When a player is late to the session, their character is considered missing. Logical, right? But what's the reason behind the absence?
The DM of the LotFP game I play in has a special "late to the session" chart he rolls on in such cases. The results are mostly negative, but there are a couple of boons on the table as well.
I wrote up a mythical ancient Greece flavored 1d12 table of such mishaps, for use with Mazes & Minotaurs.
You were late, because...
- You caroused with a Dionysian thiasus.

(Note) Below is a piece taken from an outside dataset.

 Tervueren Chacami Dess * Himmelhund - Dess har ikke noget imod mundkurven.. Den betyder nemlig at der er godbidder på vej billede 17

You gain one beastly feature (e.g. donkey ears, hooves, panther spots…).
- You played a game of knucklebones and lost 1d20% of your coins AND your clothes.
- You got caught between Scylla and Charybdis! Roll 1d6: even – you start the session at 1 hit point; odd – you start the session without your weapons and armor.
- You saved a Phoenician merchant from bandits. He gives you a beautiful golden bowl as a gift of gratitude and a token of free passage on any Phoenician ship.
- You met a Thessalian witch and she turned you into an animal. Roll 1d3: 1 – boar, 2 – singing bird, 3 – donkey. You spend 1 hour of game time in this shape, then you revert back to your original form.
- Turns out, you have a long-lost identical twin brother or sister. If you die during this session, the sibling takes your place.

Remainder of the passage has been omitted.